AIM OF THE EXERCISE:
Would you reproduce, word for word, only the lines from the one with "韩国插画师 | aeppol 森林女孩日记插画" to the end of the listing below?

---- SUPPLIED RECORDS

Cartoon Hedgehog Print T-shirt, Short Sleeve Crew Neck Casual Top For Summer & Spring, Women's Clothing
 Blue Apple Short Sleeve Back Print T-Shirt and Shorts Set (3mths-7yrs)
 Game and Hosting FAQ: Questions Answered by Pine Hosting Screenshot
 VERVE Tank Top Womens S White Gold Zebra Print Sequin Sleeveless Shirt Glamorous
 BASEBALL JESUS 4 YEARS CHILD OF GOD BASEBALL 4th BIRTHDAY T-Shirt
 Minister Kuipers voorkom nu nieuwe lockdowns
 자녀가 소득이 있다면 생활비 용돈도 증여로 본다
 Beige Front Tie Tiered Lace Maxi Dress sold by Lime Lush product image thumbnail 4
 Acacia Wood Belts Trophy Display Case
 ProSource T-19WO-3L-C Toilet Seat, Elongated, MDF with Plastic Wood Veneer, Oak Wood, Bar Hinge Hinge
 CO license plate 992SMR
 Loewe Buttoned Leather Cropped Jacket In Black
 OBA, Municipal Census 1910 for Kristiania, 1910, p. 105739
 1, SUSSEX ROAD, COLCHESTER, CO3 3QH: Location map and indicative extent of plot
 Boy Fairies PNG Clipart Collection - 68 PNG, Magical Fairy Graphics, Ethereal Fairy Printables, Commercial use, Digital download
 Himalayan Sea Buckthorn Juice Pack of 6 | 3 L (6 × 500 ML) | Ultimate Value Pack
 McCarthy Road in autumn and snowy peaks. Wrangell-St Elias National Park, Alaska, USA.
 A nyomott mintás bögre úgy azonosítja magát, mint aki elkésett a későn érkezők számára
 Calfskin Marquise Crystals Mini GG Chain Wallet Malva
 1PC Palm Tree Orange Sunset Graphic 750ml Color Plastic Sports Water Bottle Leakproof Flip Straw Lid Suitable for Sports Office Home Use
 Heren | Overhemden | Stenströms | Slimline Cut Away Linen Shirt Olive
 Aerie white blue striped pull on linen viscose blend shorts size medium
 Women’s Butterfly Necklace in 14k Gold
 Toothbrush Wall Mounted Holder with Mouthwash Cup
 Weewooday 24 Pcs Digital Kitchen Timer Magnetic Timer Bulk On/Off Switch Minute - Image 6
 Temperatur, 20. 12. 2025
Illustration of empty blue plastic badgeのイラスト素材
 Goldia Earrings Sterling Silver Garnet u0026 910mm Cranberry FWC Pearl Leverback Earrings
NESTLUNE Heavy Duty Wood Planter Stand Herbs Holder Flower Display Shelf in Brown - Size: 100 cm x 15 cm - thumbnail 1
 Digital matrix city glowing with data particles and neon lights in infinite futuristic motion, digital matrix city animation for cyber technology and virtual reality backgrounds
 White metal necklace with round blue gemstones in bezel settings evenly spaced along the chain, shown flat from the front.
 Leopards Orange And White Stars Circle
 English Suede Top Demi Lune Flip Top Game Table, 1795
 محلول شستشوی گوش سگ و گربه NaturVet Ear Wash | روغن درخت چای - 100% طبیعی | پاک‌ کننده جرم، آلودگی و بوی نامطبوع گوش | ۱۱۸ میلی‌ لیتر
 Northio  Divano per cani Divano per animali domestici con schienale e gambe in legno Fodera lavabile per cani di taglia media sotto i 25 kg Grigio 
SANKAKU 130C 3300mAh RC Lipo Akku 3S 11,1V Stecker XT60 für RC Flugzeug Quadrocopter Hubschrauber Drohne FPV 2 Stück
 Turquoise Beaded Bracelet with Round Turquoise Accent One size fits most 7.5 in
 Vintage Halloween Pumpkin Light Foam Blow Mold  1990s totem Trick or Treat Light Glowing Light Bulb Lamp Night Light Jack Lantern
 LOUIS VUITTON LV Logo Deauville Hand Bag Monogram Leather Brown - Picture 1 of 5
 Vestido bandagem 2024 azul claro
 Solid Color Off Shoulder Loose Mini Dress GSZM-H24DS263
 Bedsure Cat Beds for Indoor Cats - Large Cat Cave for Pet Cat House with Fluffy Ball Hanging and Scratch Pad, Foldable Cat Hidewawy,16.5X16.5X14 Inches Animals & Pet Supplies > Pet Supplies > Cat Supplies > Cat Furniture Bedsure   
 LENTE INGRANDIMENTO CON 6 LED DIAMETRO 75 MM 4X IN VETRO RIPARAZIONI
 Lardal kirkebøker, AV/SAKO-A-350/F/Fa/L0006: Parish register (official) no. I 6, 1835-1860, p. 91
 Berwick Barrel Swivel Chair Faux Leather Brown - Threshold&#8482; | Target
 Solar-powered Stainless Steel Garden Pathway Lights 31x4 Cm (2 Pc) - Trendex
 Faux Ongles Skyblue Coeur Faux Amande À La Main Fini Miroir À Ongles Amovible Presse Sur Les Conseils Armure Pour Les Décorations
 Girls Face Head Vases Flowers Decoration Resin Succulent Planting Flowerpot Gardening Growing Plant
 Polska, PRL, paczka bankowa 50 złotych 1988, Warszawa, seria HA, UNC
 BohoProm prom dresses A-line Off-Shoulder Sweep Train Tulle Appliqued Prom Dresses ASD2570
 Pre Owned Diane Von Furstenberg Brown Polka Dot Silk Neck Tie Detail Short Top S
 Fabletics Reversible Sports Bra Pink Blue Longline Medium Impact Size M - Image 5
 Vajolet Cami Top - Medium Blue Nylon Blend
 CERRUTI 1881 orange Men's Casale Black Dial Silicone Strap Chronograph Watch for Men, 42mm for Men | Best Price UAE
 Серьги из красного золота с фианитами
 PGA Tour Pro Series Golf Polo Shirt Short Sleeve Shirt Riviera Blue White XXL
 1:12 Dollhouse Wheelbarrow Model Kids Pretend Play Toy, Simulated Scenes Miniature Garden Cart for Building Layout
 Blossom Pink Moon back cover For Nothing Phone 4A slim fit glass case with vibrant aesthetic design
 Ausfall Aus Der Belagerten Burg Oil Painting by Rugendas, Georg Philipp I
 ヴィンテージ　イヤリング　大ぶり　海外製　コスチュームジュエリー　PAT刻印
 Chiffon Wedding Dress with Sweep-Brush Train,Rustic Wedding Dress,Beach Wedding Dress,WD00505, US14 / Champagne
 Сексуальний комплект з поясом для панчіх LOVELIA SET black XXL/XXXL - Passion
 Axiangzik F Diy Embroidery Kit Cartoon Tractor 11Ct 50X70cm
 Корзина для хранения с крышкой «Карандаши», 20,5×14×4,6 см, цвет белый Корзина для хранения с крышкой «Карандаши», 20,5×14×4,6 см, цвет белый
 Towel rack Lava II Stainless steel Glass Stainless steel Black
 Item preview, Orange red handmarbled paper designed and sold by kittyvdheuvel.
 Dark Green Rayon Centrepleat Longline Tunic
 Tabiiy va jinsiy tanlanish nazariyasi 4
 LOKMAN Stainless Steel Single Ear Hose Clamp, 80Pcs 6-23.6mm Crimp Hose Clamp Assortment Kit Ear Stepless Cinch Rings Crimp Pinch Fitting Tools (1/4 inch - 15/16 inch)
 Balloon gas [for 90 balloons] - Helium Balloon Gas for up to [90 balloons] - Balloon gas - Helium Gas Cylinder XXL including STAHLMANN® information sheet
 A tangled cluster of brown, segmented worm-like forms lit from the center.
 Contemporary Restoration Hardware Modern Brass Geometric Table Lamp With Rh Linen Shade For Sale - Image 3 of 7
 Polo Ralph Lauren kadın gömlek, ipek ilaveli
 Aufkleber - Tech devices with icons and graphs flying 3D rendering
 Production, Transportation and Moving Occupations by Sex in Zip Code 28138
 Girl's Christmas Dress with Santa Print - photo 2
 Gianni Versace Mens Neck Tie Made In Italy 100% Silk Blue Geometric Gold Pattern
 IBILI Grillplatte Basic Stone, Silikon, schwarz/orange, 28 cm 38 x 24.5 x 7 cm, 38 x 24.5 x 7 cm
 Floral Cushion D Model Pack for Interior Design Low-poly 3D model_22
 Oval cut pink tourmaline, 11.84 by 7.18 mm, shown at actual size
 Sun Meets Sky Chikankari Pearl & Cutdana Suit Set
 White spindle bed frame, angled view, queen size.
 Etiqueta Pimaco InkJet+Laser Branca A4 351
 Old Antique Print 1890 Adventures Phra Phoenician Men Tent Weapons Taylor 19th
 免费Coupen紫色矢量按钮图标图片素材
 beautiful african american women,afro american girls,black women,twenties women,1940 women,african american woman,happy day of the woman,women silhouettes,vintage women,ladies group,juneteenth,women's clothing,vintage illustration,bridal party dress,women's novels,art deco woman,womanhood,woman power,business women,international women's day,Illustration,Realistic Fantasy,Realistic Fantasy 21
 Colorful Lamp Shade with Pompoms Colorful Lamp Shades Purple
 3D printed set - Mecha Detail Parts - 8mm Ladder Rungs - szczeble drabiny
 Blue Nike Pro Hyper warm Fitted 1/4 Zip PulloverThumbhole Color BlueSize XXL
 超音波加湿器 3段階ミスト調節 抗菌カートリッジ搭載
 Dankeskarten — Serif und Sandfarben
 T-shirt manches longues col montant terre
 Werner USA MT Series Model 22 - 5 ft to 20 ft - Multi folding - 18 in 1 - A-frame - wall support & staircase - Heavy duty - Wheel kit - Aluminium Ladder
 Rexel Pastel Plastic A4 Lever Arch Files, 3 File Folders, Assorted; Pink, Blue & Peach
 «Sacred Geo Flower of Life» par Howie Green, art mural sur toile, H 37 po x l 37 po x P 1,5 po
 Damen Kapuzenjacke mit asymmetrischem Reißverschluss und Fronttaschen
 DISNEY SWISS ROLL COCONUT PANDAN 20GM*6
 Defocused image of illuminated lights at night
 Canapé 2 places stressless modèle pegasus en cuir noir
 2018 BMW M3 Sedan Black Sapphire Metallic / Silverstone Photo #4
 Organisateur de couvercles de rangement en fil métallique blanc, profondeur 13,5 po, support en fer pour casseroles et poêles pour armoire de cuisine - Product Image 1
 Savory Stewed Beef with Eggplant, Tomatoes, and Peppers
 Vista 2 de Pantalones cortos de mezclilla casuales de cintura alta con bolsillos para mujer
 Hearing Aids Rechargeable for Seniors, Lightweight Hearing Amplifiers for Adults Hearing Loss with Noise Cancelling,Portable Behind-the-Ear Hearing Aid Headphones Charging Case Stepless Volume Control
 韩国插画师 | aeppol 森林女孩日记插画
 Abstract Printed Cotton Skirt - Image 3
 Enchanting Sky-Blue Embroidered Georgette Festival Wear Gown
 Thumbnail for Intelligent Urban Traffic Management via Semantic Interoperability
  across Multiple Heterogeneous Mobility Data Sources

--------

EXERCISE OUTPUT:
 韩国插画师 | aeppol 森林女孩日记插画
 Abstract Printed Cotton Skirt - Image 3
 Enchanting Sky-Blue Embroidered Georgette Festival Wear Gown
 Thumbnail for Intelligent Urban Traffic Management via Semantic Interoperability
  across Multiple Heterogeneous Mobility Data Sources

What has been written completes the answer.